- [Data in this exercise]
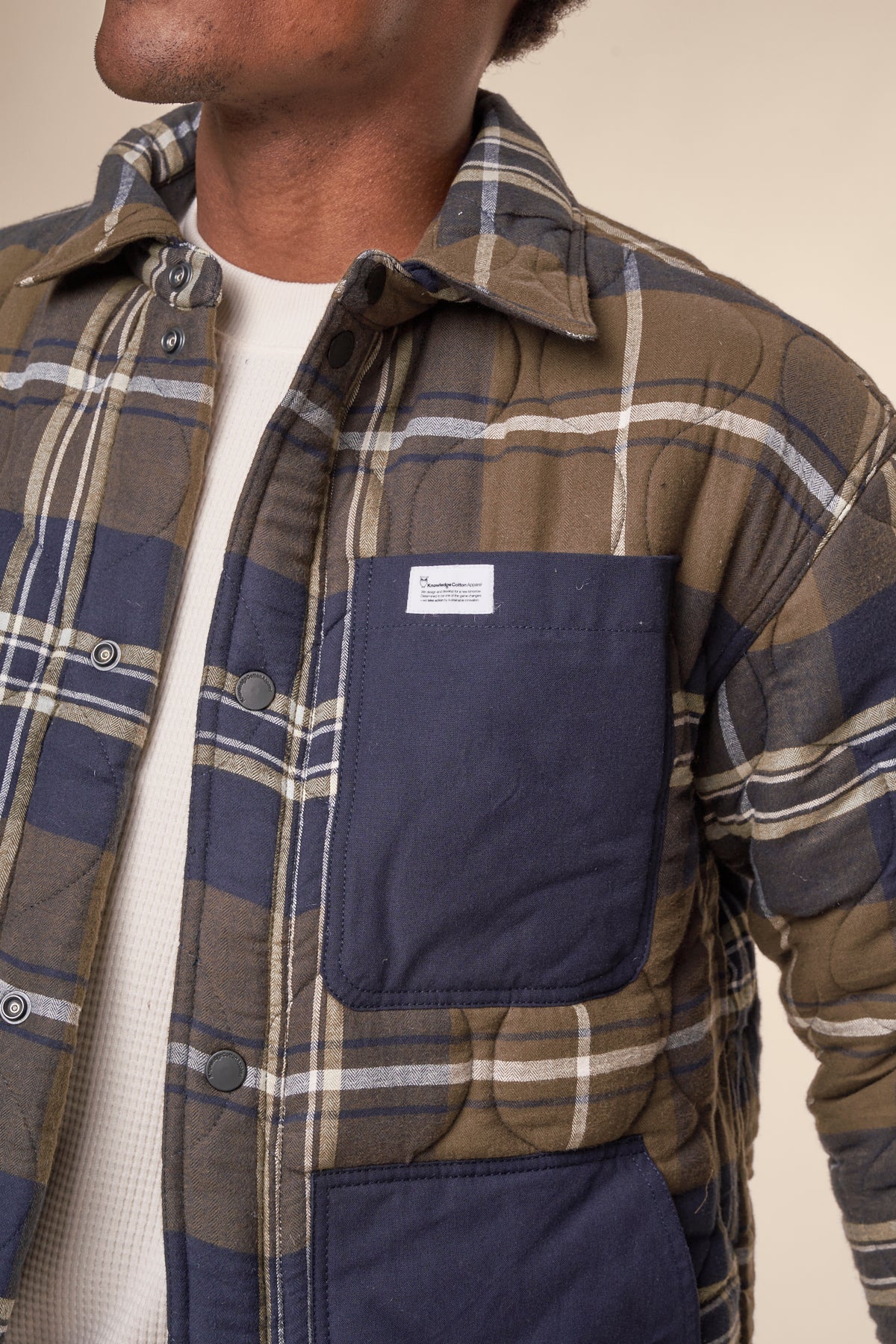 Veste matelassée en coton bio et matière recyclée | Carreaux "checked quilted overshirt green check"
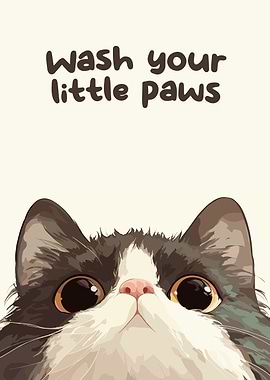 Wash Your Little Paws Cat Art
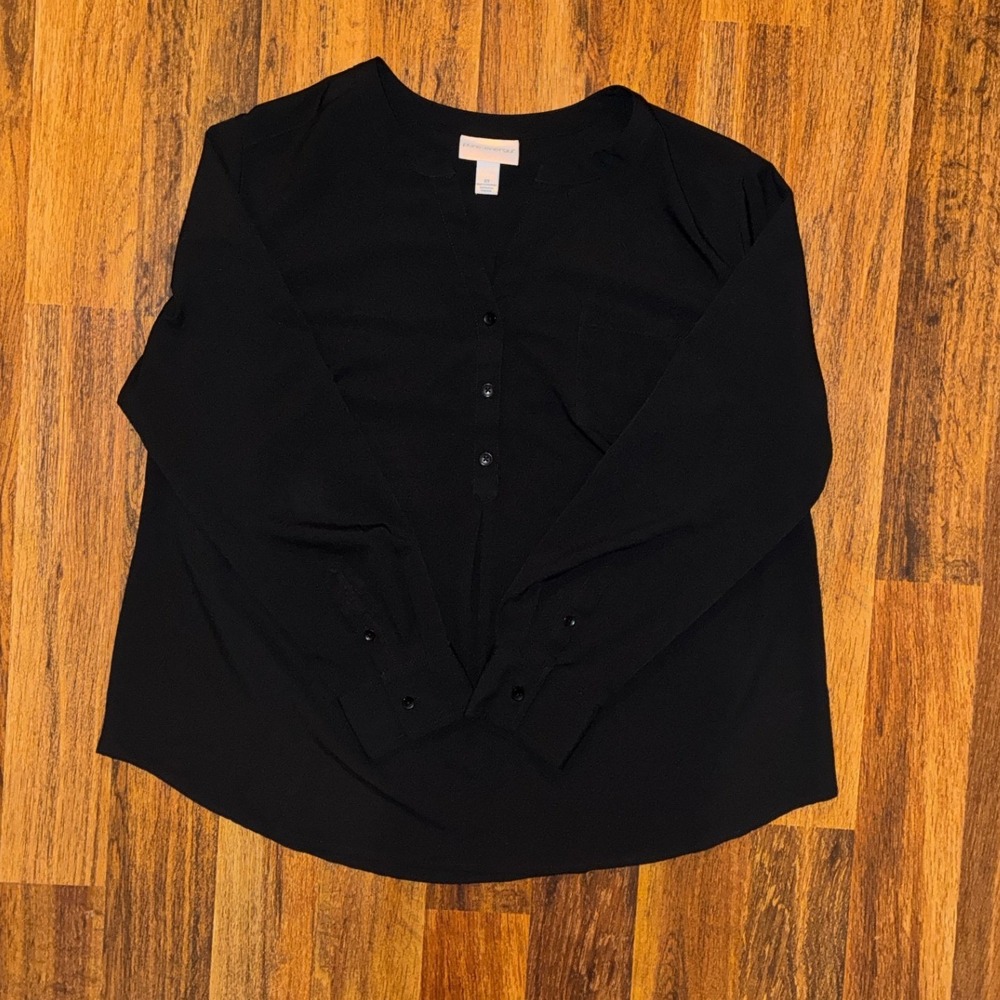 Pure Energy Womens 2X Black Blouse Long Sleeve Button Split Neck Plus Size Top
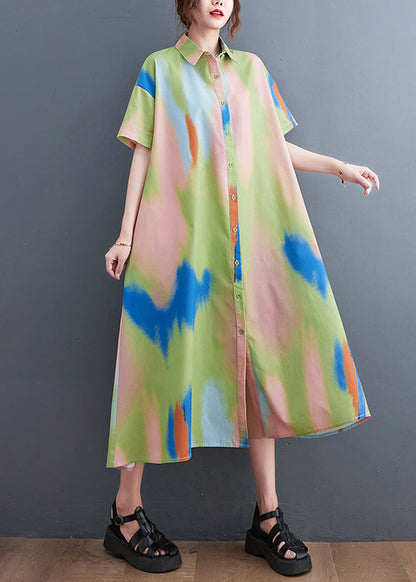 Style Blue Peter Pan Collar Print Button Long Dress Shirts Short Sleeve AC2075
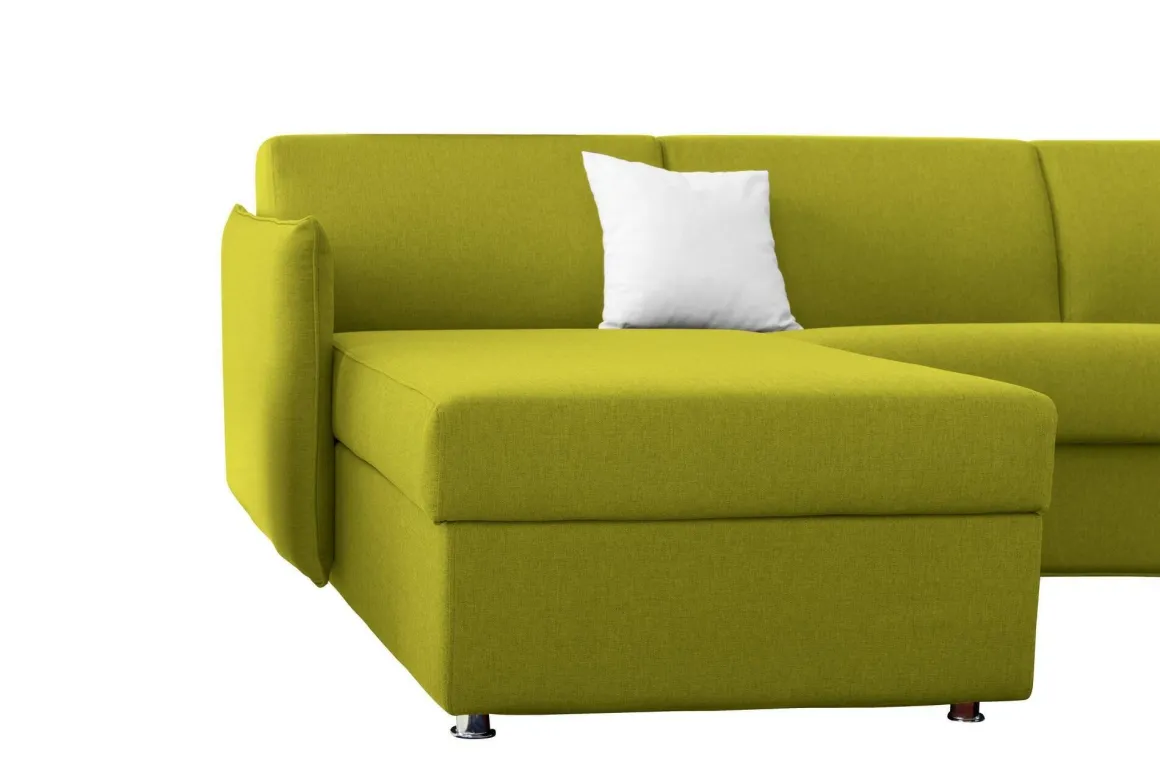 Divani Angolari|Divani Letto Con Penisola > Dmora Divano Letto con Penisola Sfoderabile Contenitore 260x160 cm, Idrorepellente Trasformabile in Letto Made in Italy - Scordia Verde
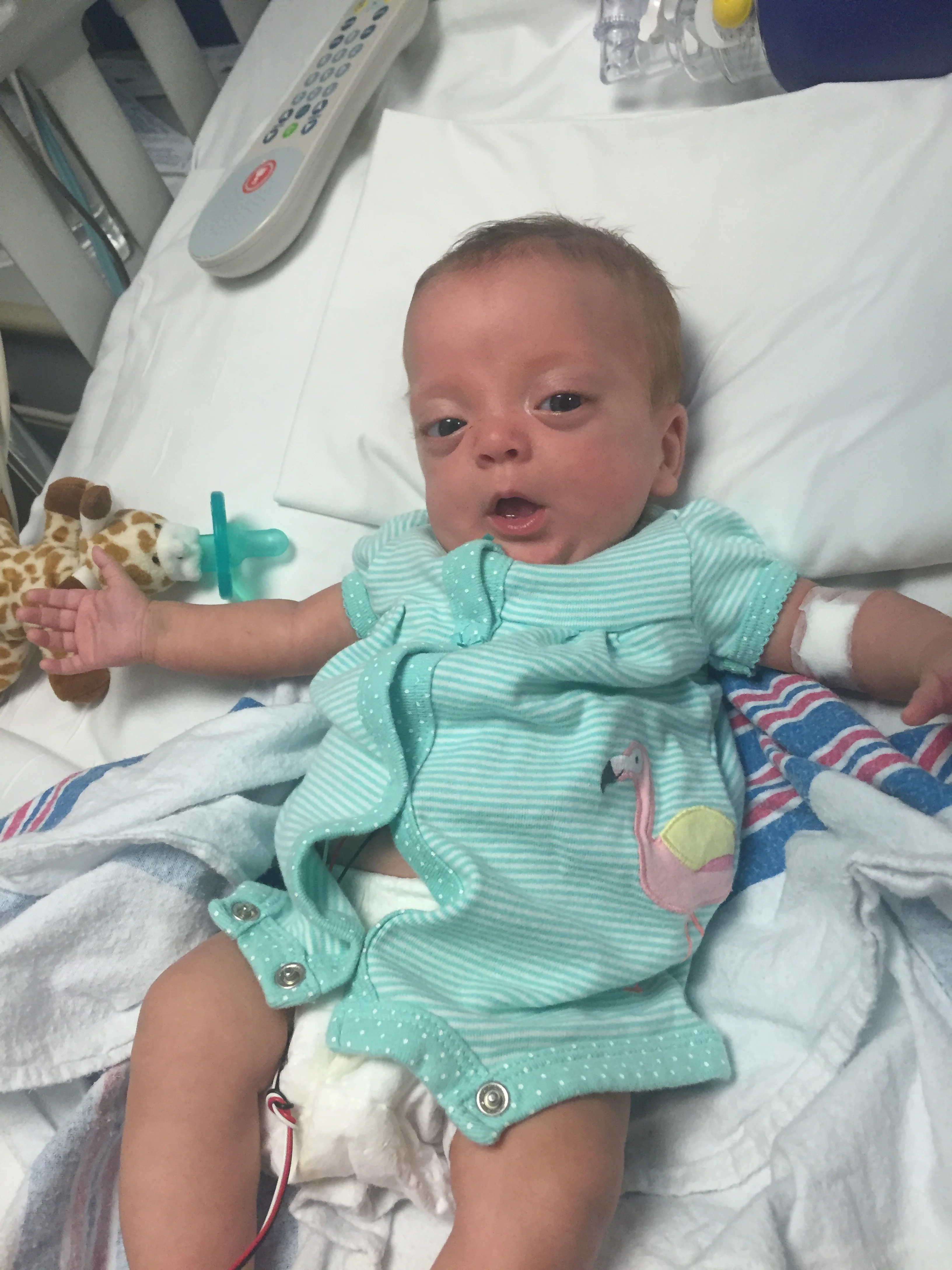She's so excited to be in regular clothes again as the IV has come out!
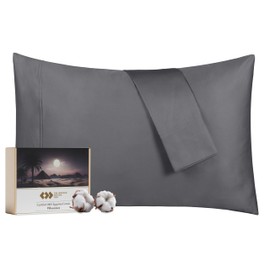 California Design Den Luxury 100% Egyptian Cotton Pillowcases Standard Set of 2, Sateen Weave, Soft, Breathable & Cooling Grey Standard/Queen Pillow Cases to fit Standard/Queen Size Pillows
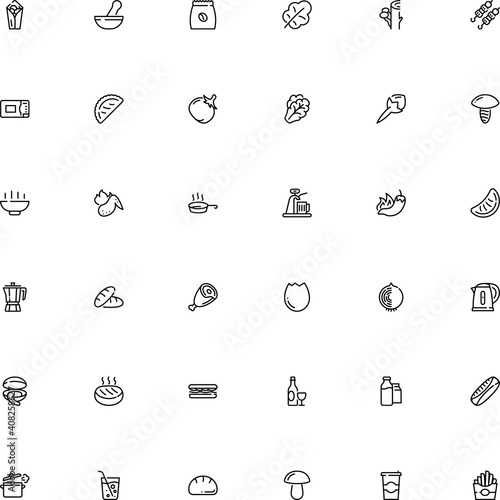 icon vector icon set such as: steak, steel, therapy, season, sea, mussel, noodle, emblem, medical, life, wing, abris, tangerine, mortar and pestle, bag, paprika, ale, tomato, flower, yolk, empanada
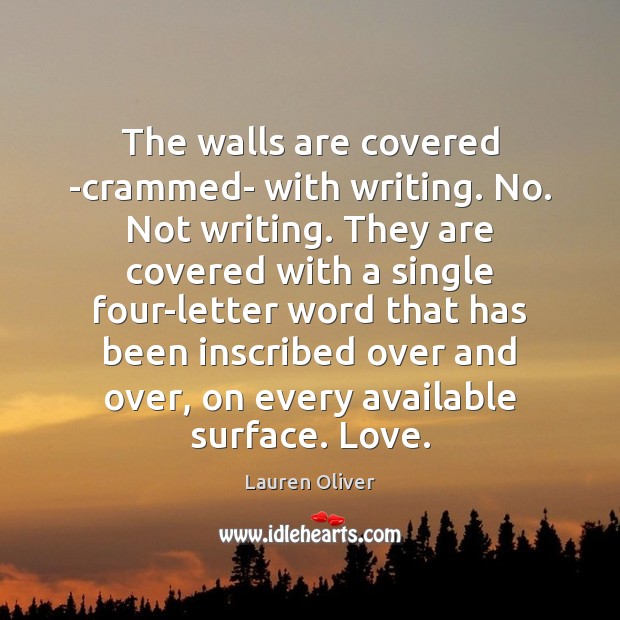 The walls are covered -crammed- with writing. No. Not writing. They are Lauren Oliver Picture Quote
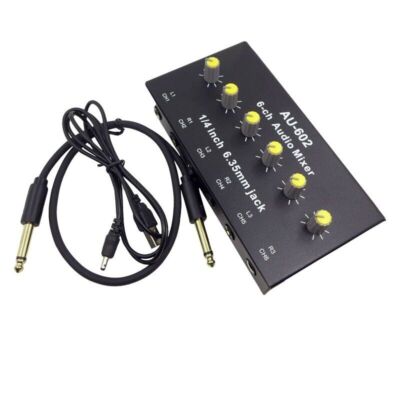 AU-602 6CH Audio Mixer Sound Mixer Supports Mono/Stereo for Mics Livestreaming #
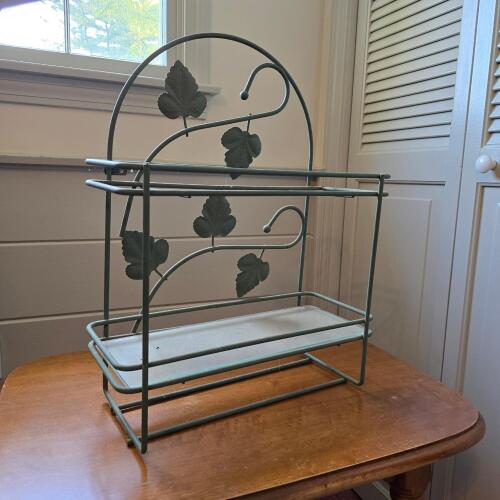 Metal Leaf Motif Rack or Organizer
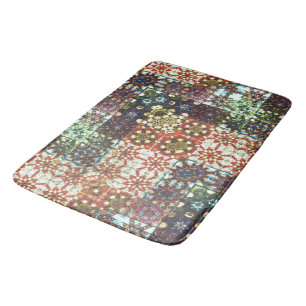 Vintage coloured opaque kaleidoscope mosaic bath mat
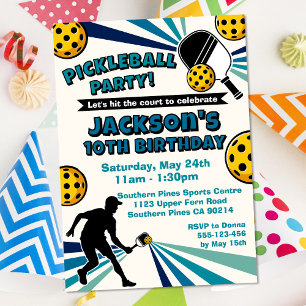 Invitation Pickleball Anniversaire Fête Retro Joueurs Vintage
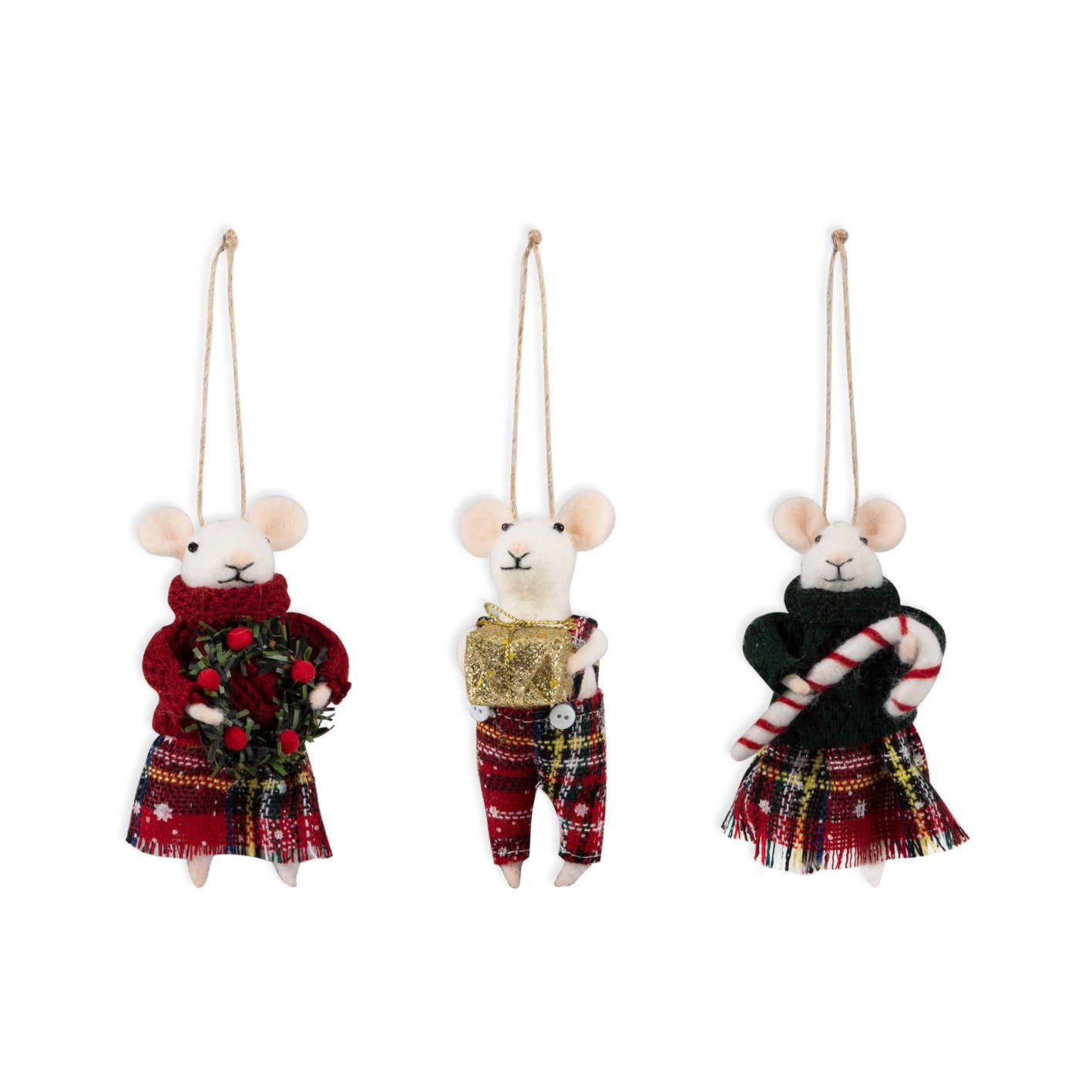 Needle Felting Kit: Tartan Mice Trio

- [What the exercise asks] Could every entry above be printed again exactly, images excluded?

- [Written response]
 Veste matelassée en coton bio et matière recyclée | Carreaux "checked quilted overshirt green check"
 Wash Your Little Paws Cat Art
 Pure Energy Womens 2X Black Blouse Long Sleeve Button Split Neck Plus Size Top
 Style Blue Peter Pan Collar Print Button Long Dress Shirts Short Sleeve AC2075
 Divani Angolari|Divani Letto Con Penisola > Dmora Divano Letto con Penisola Sfoderabile Contenitore 260x160 cm, Idrorepellente Trasformabile in Letto Made in Italy - Scordia Verde
She's so excited to be in regular clothes again as the IV has come out!
 California Design Den Luxury 100% Egyptian Cotton Pillowcases Standard Set of 2, Sateen Weave, Soft, Breathable & Cooling Grey Standard/Queen Pillow Cases to fit Standard/Queen Size Pillows
 icon vector icon set such as: steak, steel, therapy, season, sea, mussel, noodle, emblem, medical, life, wing, abris, tangerine, mortar and pestle, bag, paprika, ale, tomato, flower, yolk, empanada
 The walls are covered -crammed- with writing. No. Not writing. They are Lauren Oliver Picture Quote
 AU-602 6CH Audio Mixer Sound Mixer Supports Mono/Stereo for Mics Livestreaming #
 Metal Leaf Motif Rack or Organizer
 Vintage coloured opaque kaleidoscope mosaic bath mat
 Invitation Pickleball Anniversaire Fête Retro Joueurs Vintage
 Needle Felting Kit: Tartan Mice Trio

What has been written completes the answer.